Sa cigarette entre les lèvres, elle dut reconnaître qu’elle avait perdu son briquet. Elle allait faire demi-tour lorsqu’une longue flamme jaillit devant ses yeux, trouant un bref instant le froid glacial du petit matin.

— Je l’ai ramassé dans le salon. Vous l’aviez laissé tomber dans votre fauteuil, annonça le jeune bagagiste en approchant la flamme de son visage.

Madeline alluma sa clope en le remerciant d’un hochement de tête.

Le gamin n’avait pas vingt ans. Elle l’avait déjà repéré un peu plus tôt : regard clair, mèche rebelle, sourire enjôleur et mutin qui devait rendre folles les filles.

— Sean Lorenz était dans la chambre 41, annonça-t-il en lui rendant son Zippo.

3.

Madeline crut d’abord qu’elle avait mal entendu et lui demanda de répéter.

— Le peintre logeait dans la suite 41, déclara le bagagiste. Une chambre d’angle semblable à celle que vous occupez, mais située un étage au-dessus.

— Comment tu sais ça, toi ?

— J’ai seulement tendu l’oreille.

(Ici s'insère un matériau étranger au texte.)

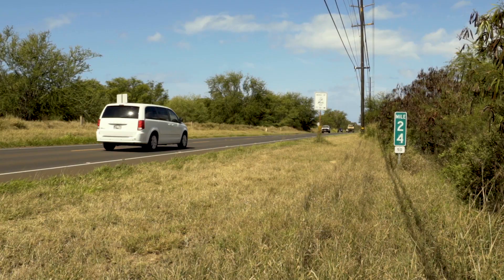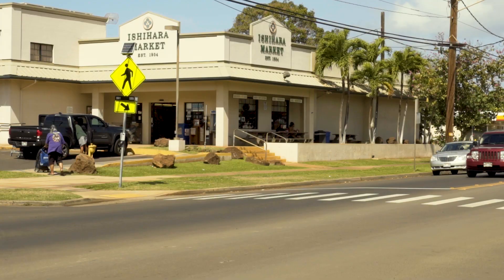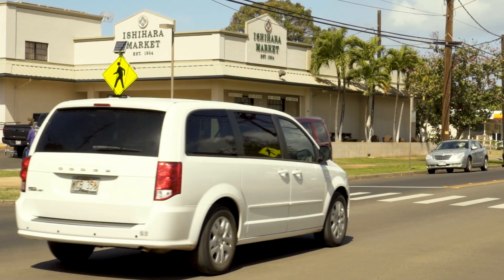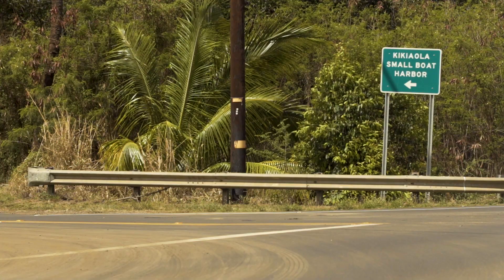Check-in begins 30 minutes prior to your scheduled departure here at Kikiaola Harbor. The harbor is located between mile marker 24 and 25 off Highway 50. If you are heading west, you will travel through Waimea Town and past historic Ishihara Market.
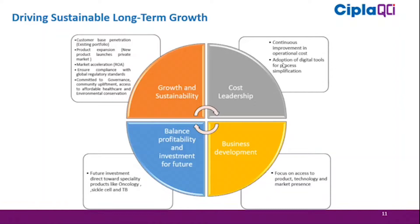The third area is business development, which focuses on access to products, technology, and market presence — essentially building what we can sell in the future. The fourth area is balancing profitability with investment in the future. We have already decided to invest in an anti-cancer, sickle cell, and TB production facility, which will be a future revenue driver for the company.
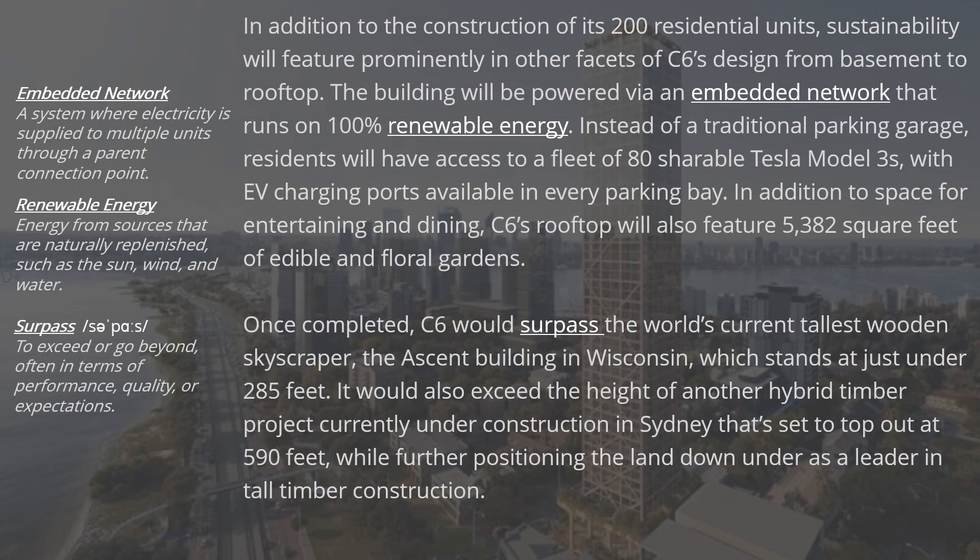In addition to the construction of its 200 residential units, sustainability will feature prominently in other facets of C6's design from basement to rooftop. The building will be powered via an embedded network that runs on 100% renewable energy. Instead of a traditional parking garage, residents will have access to a fleet of 80 shareable Tesla Model 3s, with EV charging ports available in every parking bay. C6's rooftop will also feature 5,382 square feet of edible and floral gardens.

Hier soir, à la réception, M. Coutances a posé la même question que vous à Lauren et c’est ce qu’elle lui a répondu.

Madeline n’arrivait pas à le croire : Coutances avait réussi à faire parler l’autre pimbêche de l’accueil ! Bon sang ! Elle imaginait bien la scène : avec sa veste Smalto, son regard de cocker et ses effluves de lavande, Coutances avait dû sortir à la jeunette un pathétique numéro de charme. Entre vieux beau bienveillant et bateleur sur le retour. Et ça avait marché.

— Il lui a demandé autre chose ?

— Il a essayé de visiter la chambre, mais Lauren n’a pas accepté.

Madeline ne put s’empêcher d’éprouver une satisfaction mesquine : le pouvoir d’attraction de Coutances n’était pas sans limites.

— Comment t’appelles-tu ?

— Kyle, répondit le bagagiste.

— Tu travailles ici depuis longtemps ?

— Depuis un an et demi, mais seulement le week-end et pendant les vacances.

— Le reste du temps, tu es à la fac ?

— Oui, à NYU.

Le gamin avait un regard vert d’eau qui vous transperçait et un sourire pétillant plus luciférien que bienveillant.

— L’été dernier, une partie du quatrième étage a été inondée, relata-t-il comme si Madeline lui avait posé une question. Les grandes eaux, vraiment.

Malgré son air juvénile, Kyle la mettait mal à l’aise. Une intelligence vive brillait dans ses yeux d’olivine, mais il y flottait comme un air de menace.